We all have a part of us that sugar coats the bad aspects of life. Often over time we forget the bad parts. The ones that made us cry, or feel horrible about ourselves, or alone. There are times when I make a nice creme brulee shell over the painful parts of my childhood, and others show the raw memories of abuse and abandonment. Which is why I related so much to what Jenny says here:
“He quietly said (as if to himself) that the memories of the places we’d been before were always more golden-tinted in retrospect than they had ever been at the time, and I nodded, surprised that he’d known more than he’d let on. He was right, but I didn’t know if that made it better or worse.
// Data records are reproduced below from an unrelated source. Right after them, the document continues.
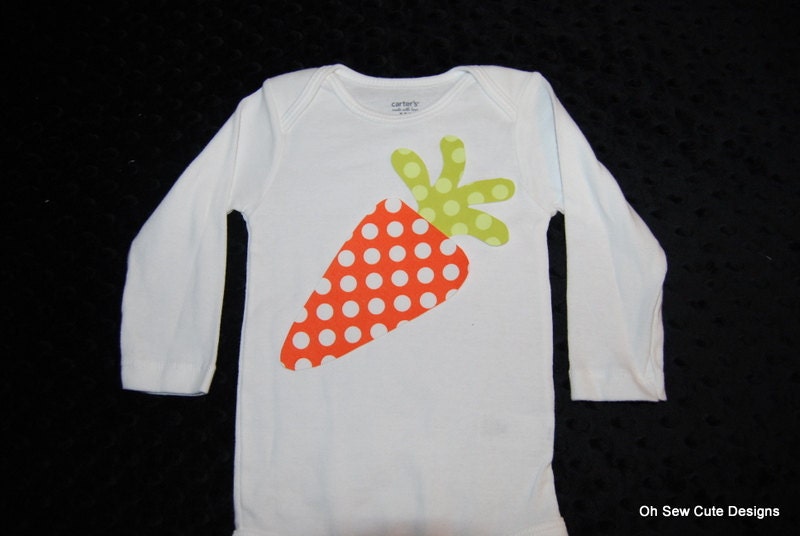 Cute Little Carrot Appliqued Onesie or Tee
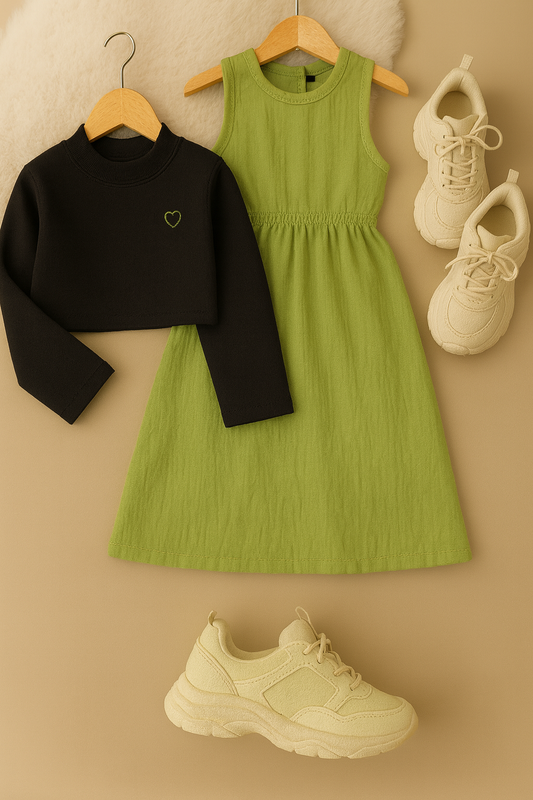 Girls’ Two-Piece Muslin Dress & Heart Sweatshirt Set – Olive Green & Black | 4–7Years
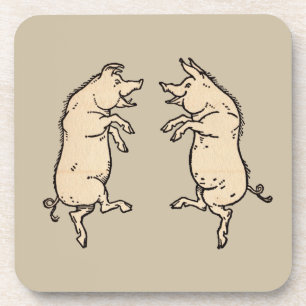 Antike Tanzschweine: Whimsical Vintag Piggy Jig Getränkeuntersetzer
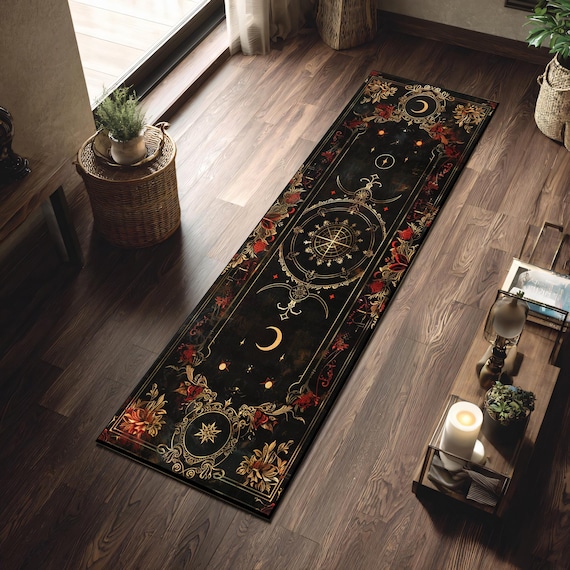 Occult Floral Moon Phase Runner Rug – Gothic Celestial Hallway Decor with Red Rose Accents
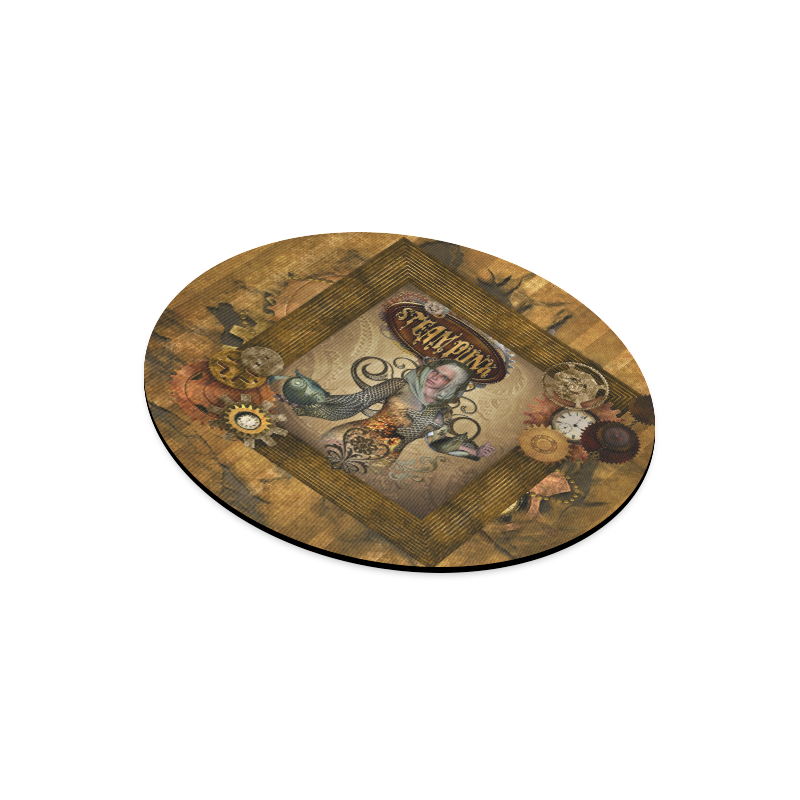 Steampunk lady with owl Round Mousepad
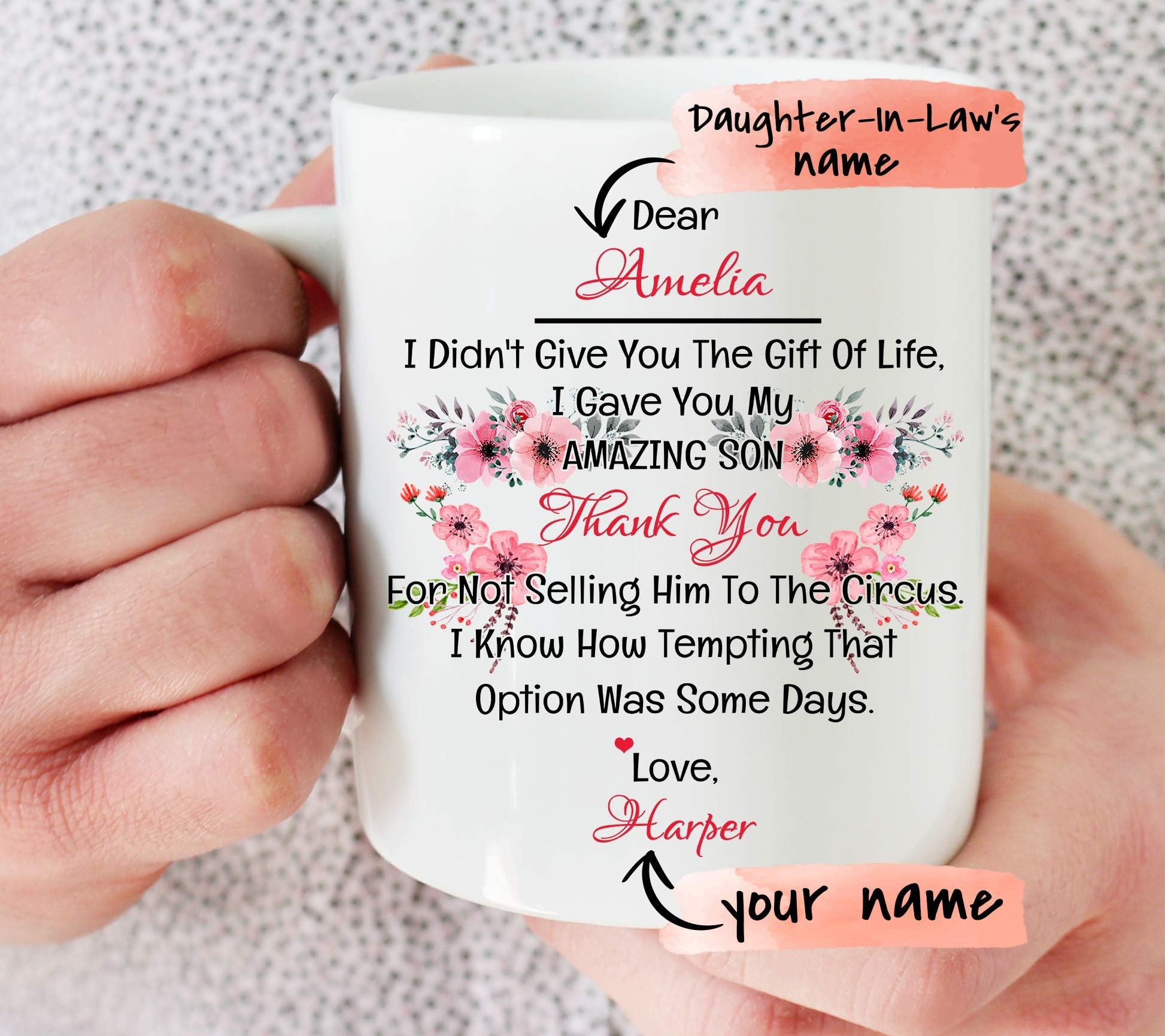 To My Dear Daughter In Law I Didn't Give You The Gift Of Life I Gave You My Amazing Son Mug - Dear Daughter-In-Law Gift Mug - Daughter In Law Mug - Personalized Mug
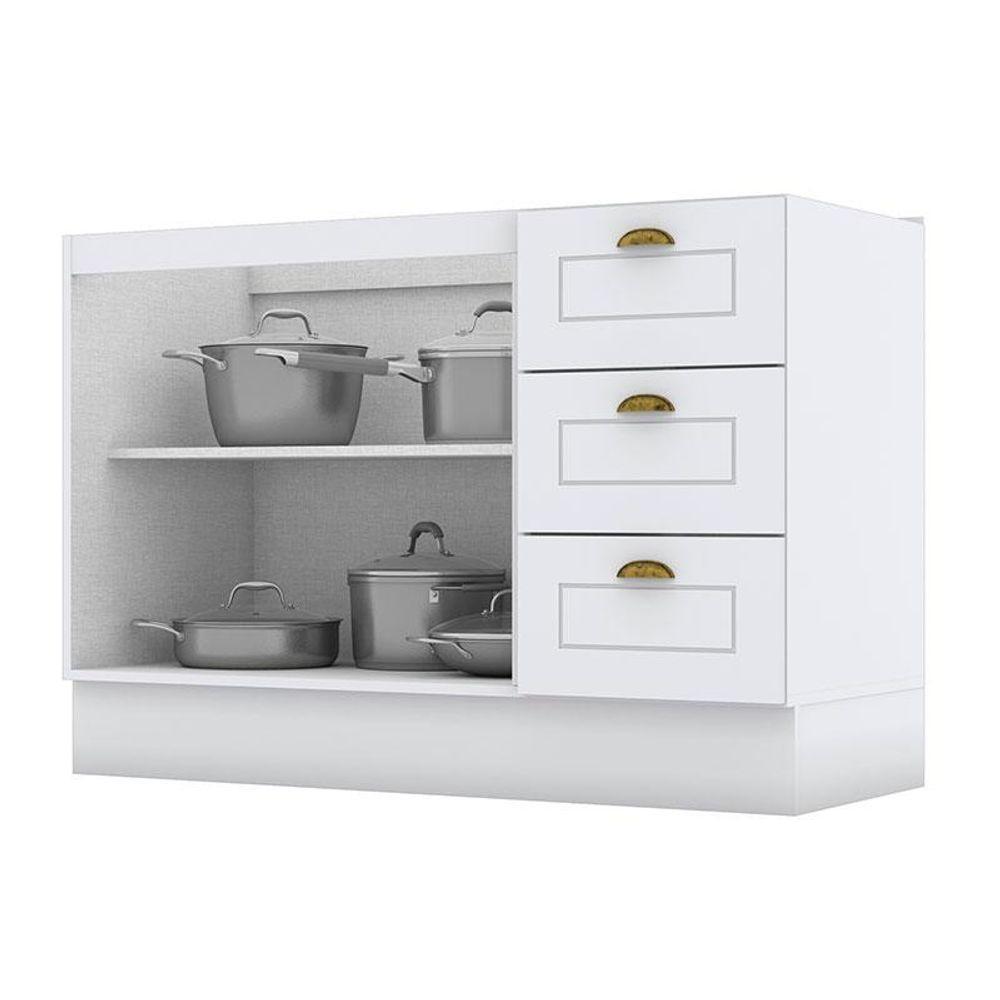 Cozinha Modulada Americana 5 Peças Com Armário 2 Portas 80cm Branco Hp - Henn - 6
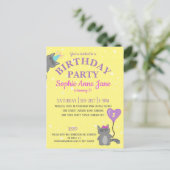 Invitation Carte Postale Anniversaire d'enfant jaune (Debout devant)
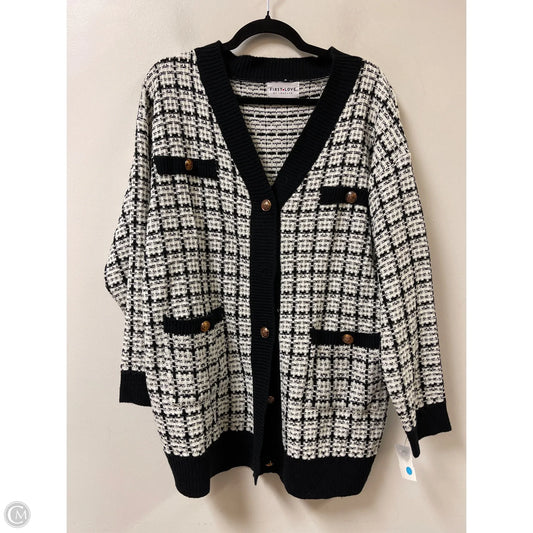 Sweater Cardigan By First Love In Black & White, Size: 2x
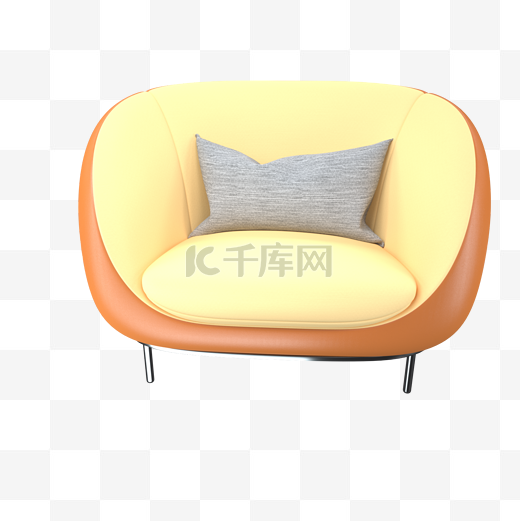 3D橙色皮质沙发图片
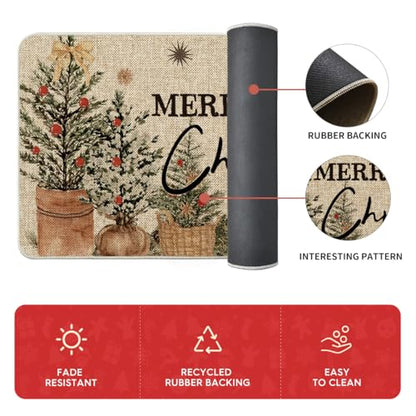 Christmas Holly Ornament Kitchen Mats Set of 2 Beige 17x29 & 17x59 Inches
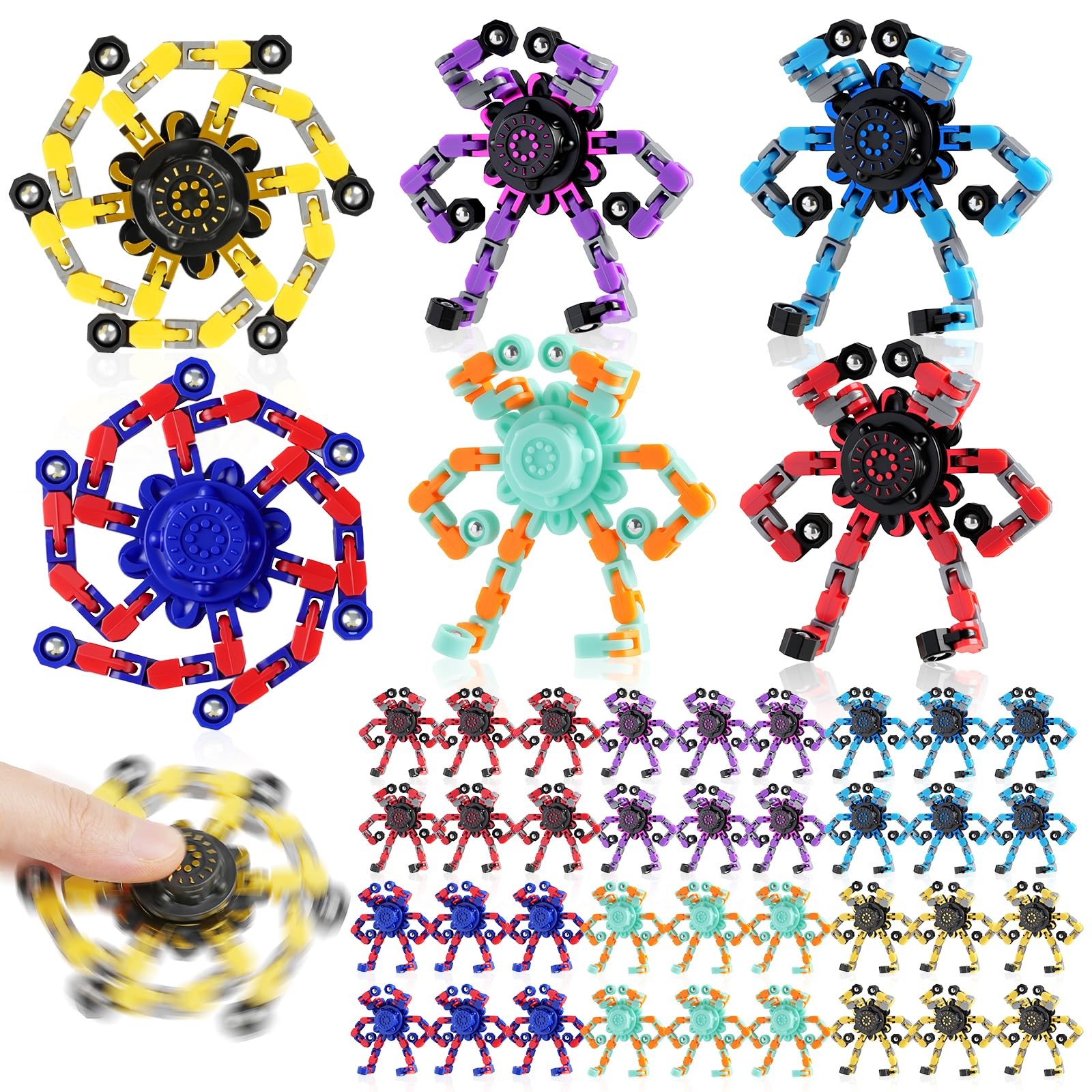 36PCS Transformable Fidget Spinners Sensory Toys for All Ages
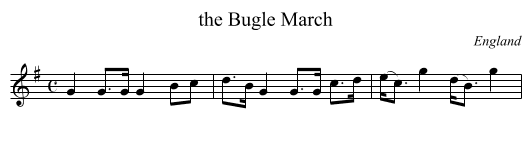 Bugle March, the  - staff notation
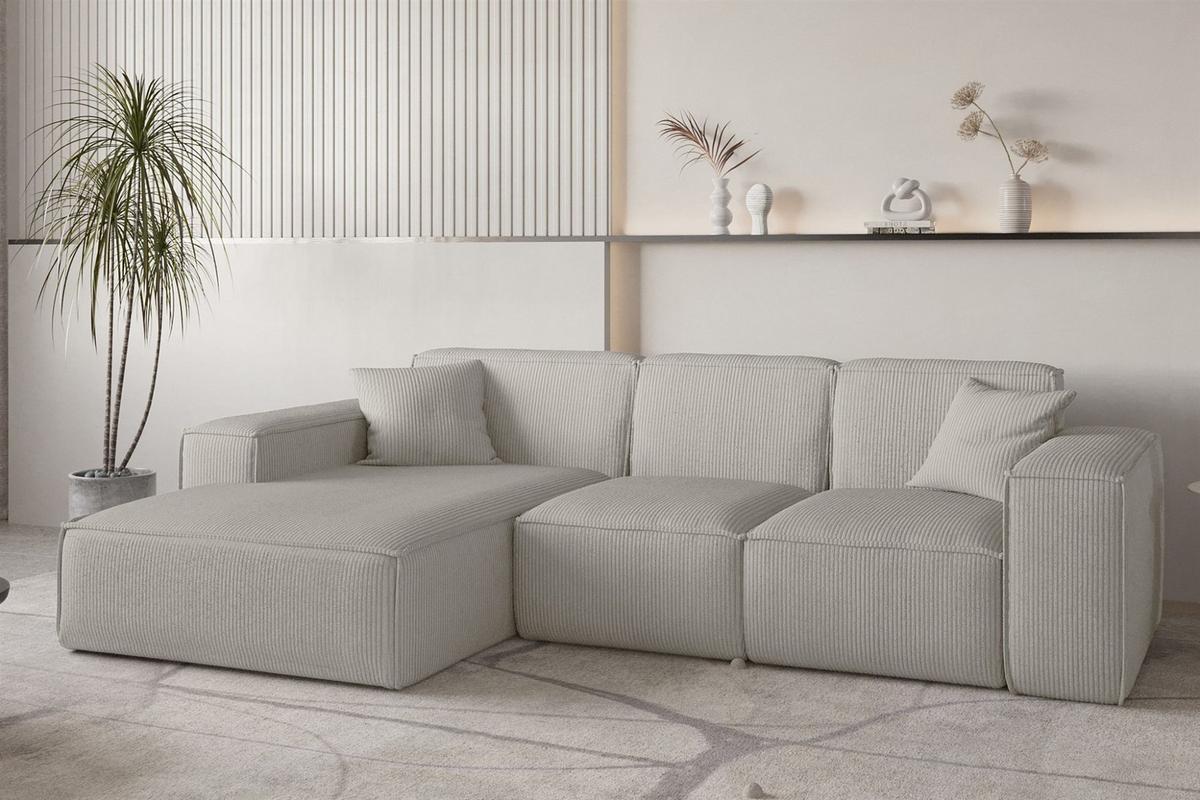 ECKSOFA Celes Premium Stoff Scala - Hellgrau, Holzwerkstoff/Textil (266/165cm) - Fun Möbel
Was it worse to be homesick for a time that was once home, but now lived only in your own mind … or to be homesick for a place that never really existed at all?” 103-104
I think my homesickness comes as a picture of what I dreamed a family and home life could have been. When I miss my parents and my family together, it is more from telling myself what it would be like to still have parents that are alive. Parents that I can call up when I am having a hard day, or when I needs some words of advice. Honestly though, my parents were never really those kinds of parents. Maybe I feel that way because they passed on when I was so young, that I had to move on with my life without having them fill the roles of advice giver, supporter, and nurturer. In the end, my imagination of what my relationship could have been if they were alive is what makes me homesick.
Does that mean I am “homesick for a place that never really existed at all?”